La population civile demeurait exposée à des attaques causant des morts et des blessés dans l’extrême sud du pays (provinces de Narathiwat, de Pattani, de Yala et certains secteurs de la province de Songkhla). Les écoles publiques et leurs enseignants, perçus comme des symboles de l’État, ont été pris pour cible, ce qui a entraîné la fermeture d’établissements scolaires pendant le second semestre de 2012. Des chefs insurgés ont accusé les forces de sécurité de s’être livrées à des exécutions extrajudiciaires dans la province de Yala. L’impunité était toujours la règle pour la plupart des violations perpétrées par les forces de sécurité dans le sud du pays.
 Le 29 janvier, des rangers, paramilitaires soutenus par le gouvernement, ont tiré sur un groupe de neuf civils, des musulmans d’origine malaise, qui se trouvaient à bord d’un camion dans le district de Nong Chik (province de Pattani). Quatre passagers ont été tués et quatre autres blessés par les tirs. Les rangers ont affirmé qu’ils pensaient que ces civils étaient liés à un groupe d’insurgés et impliqués dans une attaque menée contre leur avant-poste. Une commission vérité mise en place pour enquêter sur les faits a établi qu’ils n’avaient pas de liens avec des groupes d’insurgés.
 Le 21 septembre, des insurgés ont tué six personnes, dont un bénévole de la protection civile locale, et en ont blessé une cinquantaine d’autres après avoir ouvert le feu sur une boutique de vente et d’achat d’or, puis fait exploser une voiture piégée dans un marché du district de Sai Buri (province de Pattani).
 Le 30 octobre, Mahama Ma-ae, un professeur de religion islamique que la police soupçonnait d’être lié à un groupe d’insurgés, a été abattu dans la province de Yala. Le 14 novembre, Abdullateh Todir, un imam de la province, a lui aussi été abattu. Il avait déjà été visé par un attentat en 2011, au cours duquel sa fille était morte. Les chefs des insurgés ont imputé la responsabilité de ces homicides aux forces de sécurité gouvernementales.
 Les 3 et 4 décembre, des insurgés ont tué une enseignante et blessé un enseignant lors de deux épisodes distincts dans la province de Narathiwat. La directrice d’une école et un enseignant ont eux aussi perdu la vie lors d’un attentat perpétré contre un établissement scolaire de la province de Pattani, le 11 décembre. À la suite de ces attaques, les écoles des provinces de Narathiwat, de Pattani et de Yala ont été fermées pendant plusieurs jours.
Le décret de 2005 relatif à l’administration publique sous l’état d’urgence est resté en vigueur pendant toute l’année, le gouvernement le prorogeant tous les trois mois. Ce texte conférait l’immunité judiciaire aux représentants de l’État susceptibles d’avoir commis des violations des droits humains, y compris des actes de torture.
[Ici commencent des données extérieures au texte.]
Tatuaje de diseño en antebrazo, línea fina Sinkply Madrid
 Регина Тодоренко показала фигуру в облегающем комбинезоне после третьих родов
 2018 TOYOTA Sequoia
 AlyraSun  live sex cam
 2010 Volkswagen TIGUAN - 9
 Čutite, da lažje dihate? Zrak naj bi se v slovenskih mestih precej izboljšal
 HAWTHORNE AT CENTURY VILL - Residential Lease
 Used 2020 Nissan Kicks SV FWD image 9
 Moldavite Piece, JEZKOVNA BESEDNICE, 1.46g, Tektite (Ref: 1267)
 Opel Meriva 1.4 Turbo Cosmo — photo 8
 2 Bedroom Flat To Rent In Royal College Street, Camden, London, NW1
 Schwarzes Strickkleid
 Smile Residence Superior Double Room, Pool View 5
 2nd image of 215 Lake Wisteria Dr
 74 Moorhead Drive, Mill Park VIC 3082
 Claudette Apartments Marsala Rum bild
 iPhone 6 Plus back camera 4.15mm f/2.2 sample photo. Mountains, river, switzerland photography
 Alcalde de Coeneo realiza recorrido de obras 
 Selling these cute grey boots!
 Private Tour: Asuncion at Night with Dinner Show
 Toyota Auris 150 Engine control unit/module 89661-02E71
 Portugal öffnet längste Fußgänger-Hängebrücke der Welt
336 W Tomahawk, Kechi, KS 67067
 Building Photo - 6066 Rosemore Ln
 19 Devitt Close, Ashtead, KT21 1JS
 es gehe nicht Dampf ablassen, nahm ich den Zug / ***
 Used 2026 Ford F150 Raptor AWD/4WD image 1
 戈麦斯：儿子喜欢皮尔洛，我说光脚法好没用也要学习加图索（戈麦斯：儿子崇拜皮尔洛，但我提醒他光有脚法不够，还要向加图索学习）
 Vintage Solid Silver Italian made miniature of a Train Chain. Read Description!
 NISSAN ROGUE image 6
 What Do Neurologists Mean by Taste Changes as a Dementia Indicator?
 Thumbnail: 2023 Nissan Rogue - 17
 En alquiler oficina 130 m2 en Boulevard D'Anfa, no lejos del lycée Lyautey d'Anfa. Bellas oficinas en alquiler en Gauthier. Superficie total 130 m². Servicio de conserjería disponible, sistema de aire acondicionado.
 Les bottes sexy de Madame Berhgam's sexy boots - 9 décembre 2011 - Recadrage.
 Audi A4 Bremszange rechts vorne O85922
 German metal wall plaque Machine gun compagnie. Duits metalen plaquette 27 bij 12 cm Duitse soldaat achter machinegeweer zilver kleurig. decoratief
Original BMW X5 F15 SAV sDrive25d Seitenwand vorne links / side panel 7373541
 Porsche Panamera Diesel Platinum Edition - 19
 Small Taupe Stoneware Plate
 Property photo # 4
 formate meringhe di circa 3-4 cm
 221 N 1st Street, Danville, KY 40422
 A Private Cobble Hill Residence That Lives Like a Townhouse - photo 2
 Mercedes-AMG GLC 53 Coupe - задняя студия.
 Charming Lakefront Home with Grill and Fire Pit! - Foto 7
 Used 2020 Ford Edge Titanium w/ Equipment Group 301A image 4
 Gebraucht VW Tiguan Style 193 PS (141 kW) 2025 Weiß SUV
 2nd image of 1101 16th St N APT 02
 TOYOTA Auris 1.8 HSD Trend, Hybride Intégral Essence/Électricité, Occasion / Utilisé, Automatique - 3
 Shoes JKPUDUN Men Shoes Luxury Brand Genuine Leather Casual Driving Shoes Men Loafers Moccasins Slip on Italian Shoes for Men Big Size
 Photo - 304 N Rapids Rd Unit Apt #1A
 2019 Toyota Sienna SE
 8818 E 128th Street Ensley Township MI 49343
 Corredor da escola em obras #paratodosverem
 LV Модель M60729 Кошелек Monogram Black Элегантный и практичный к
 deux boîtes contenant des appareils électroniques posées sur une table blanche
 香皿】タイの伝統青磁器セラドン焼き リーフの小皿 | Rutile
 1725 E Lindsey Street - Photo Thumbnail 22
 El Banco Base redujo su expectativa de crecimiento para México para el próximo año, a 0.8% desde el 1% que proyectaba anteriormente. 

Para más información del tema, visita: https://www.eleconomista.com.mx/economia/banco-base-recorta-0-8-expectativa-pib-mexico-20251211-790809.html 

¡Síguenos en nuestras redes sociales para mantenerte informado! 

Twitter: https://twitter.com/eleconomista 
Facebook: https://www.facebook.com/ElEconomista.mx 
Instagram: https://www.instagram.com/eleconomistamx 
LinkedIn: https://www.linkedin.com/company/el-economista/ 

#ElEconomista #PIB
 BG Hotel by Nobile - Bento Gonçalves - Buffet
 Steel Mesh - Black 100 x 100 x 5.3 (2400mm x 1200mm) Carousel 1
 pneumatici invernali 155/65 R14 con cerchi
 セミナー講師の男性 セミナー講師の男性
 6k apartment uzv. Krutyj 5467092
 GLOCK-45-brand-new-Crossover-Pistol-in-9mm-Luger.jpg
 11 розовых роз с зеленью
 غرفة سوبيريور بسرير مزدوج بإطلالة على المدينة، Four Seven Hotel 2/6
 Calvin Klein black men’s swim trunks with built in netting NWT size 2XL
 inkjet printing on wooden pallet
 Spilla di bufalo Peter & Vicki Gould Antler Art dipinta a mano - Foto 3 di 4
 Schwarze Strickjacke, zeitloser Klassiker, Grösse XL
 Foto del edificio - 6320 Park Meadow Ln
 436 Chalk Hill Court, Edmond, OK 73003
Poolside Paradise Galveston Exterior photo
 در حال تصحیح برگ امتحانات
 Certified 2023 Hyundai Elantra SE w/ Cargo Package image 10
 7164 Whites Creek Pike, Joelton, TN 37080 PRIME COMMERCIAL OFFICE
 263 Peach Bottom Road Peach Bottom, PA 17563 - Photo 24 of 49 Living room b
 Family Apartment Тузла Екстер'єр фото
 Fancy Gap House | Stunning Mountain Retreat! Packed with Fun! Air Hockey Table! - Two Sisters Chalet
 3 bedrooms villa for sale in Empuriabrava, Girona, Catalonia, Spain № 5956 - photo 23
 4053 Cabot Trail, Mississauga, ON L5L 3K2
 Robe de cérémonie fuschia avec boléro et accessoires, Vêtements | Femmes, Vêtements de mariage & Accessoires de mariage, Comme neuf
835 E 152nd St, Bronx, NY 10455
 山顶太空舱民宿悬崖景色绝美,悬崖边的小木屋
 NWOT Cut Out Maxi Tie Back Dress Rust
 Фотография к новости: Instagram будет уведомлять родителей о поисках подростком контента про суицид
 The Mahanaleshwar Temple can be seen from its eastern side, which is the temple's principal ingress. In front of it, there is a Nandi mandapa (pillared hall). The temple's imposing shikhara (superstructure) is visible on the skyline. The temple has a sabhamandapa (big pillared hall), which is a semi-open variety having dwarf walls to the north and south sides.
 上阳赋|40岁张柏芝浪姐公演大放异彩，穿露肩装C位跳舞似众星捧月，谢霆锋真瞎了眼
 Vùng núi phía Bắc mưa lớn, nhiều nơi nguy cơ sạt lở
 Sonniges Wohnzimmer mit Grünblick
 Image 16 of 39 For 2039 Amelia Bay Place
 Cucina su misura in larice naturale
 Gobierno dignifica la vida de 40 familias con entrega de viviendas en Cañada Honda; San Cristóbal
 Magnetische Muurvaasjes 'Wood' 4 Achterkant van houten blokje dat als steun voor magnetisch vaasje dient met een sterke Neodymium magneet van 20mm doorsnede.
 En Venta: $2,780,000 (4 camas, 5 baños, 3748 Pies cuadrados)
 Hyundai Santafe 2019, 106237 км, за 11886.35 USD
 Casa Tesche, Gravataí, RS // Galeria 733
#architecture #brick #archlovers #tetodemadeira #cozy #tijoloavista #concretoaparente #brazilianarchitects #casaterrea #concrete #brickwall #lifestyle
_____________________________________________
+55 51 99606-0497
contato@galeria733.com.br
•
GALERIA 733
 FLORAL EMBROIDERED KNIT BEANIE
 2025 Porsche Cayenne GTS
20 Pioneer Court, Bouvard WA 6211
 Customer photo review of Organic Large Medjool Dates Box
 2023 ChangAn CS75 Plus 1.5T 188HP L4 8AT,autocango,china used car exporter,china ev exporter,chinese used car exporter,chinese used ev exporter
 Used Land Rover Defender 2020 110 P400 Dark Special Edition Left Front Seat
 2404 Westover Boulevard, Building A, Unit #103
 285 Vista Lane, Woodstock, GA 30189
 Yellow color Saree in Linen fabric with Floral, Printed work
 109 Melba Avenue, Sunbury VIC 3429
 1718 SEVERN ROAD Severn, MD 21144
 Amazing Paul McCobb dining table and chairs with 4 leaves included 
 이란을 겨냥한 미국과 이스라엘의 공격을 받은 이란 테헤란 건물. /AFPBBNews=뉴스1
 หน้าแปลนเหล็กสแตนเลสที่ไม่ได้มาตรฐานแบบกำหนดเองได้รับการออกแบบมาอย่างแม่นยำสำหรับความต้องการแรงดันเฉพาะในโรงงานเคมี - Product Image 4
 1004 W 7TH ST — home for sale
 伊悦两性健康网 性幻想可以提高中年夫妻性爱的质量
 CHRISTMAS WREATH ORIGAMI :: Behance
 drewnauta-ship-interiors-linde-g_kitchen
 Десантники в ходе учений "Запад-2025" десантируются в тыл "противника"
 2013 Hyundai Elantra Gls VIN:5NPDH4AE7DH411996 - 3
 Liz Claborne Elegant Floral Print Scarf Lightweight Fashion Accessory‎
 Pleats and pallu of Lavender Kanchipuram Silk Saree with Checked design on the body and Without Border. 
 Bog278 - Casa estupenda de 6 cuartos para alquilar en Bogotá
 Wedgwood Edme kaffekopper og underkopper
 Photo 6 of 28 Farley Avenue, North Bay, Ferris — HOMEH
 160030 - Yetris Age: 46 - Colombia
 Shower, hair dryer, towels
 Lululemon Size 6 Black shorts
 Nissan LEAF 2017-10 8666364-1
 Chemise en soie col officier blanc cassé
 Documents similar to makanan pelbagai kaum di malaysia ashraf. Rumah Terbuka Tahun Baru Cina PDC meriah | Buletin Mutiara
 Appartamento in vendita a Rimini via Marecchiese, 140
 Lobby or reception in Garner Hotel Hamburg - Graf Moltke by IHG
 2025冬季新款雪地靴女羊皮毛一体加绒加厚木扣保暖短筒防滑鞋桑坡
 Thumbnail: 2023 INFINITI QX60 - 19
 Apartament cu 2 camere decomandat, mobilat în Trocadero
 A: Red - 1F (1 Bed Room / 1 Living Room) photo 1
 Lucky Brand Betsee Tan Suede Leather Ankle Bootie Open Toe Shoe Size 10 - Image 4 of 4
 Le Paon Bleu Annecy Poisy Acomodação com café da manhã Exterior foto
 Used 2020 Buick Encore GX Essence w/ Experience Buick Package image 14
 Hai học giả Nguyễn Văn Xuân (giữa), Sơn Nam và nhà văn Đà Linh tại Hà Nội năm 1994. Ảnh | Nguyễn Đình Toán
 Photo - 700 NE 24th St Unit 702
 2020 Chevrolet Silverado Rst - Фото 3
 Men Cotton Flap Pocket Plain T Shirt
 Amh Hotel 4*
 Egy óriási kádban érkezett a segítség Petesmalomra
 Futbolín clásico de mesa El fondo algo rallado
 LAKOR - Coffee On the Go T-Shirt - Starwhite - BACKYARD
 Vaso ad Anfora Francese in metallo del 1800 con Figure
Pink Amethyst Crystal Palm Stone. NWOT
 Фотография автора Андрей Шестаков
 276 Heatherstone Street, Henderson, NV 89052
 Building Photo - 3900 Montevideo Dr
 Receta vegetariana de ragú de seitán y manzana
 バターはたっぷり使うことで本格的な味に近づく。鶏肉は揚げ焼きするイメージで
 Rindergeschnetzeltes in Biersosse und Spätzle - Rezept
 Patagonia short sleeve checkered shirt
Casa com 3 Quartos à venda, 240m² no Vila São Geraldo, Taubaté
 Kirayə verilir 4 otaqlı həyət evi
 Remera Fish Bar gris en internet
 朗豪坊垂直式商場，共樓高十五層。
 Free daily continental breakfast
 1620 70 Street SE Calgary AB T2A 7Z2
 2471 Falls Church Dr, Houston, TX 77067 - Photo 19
Responsabilité pour les violences politiques

La Commission vérité pour la réconciliation a publié en septembre son rapport final sur les violences commises dans le contexte des manifestations antigouvernementales d’avril et mai 2010 à Bangkok. Ces violences avaient fait 92 morts. La responsabilité en était imputée aux forces de sécurité gouvernementales, l’armée y compris, et aux « chemises noires », groupe armé mêlé aux manifestants et lié au Front uni pour la démocratie et contre la dictature (UDD), mouvement hostile au gouvernement dont les membres sont surnommés les « chemises rouges ». Le rapport établissait que les forces gouvernementales avaient eu recours à des armes de guerre et à des balles réelles contre les manifestants. Il était assorti d’une longue liste de recommandations, et demandait en particulier aux pouvoirs publics de faire face, au moyen d’un système de justice équitable et impartial, aux violences commises par toutes les parties et d’octroyer des réparations et des mesures de rétablissement aux victimes.
Les pouvoirs publics ont accepté en janvier d’indemniser financièrement les victimes des violences de 2010. En mai, une proposition de loi relative à la réconciliation nationale, qui prévoyait une mesure d’amnistie pour les personnes ayant pris part à ces violences, a déclenché un nouveau mouvement de protestation. Le texte a été suspendu en juillet. Après que des membres des forces de sécurité eurent été déclarés responsables de la mort en mai 2010 d’un manifestant membre de l’UDD, Phan Khamkong, l’ancien Premier ministre Abhisit Vejjajiva et l’ancien vice-Premier ministre Suthep Thaugsuban ont été inculpés de meurtre en décembre. Il s’agissait des deux premiers représentants de l’État à être poursuivis en justice pour les violences politiques de 2010. Les procès de 24 organisateurs des manifestations membres de l’UDD se sont ouverts en décembre. Ils étaient inculpés de terrorisme.

Liberté d’expression

La liberté d’expression a cette année encore été réprimée, essentiellement par le recours aux dispositions sur le crime de lèse-majesté (article 112 du Code pénal) et à la Loi de 2007 relative aux infractions dans le domaine de l’informatique. Au titre de ces textes, les faits perçus comme une offense à la monarchie étaient sanctionnés par de lourdes peines d’emprisonnement. Les initiatives entreprises en 2012 pour remettre en cause ou modifier les dispositions relatives au crime de lèse-majesté ont échoué. La Cour constitutionnelle a estimé en octobre que l’article 112 était conforme à la Constitution, tandis que le Parlement a écarté en novembre un projet de loi visant à en modifier le contenu.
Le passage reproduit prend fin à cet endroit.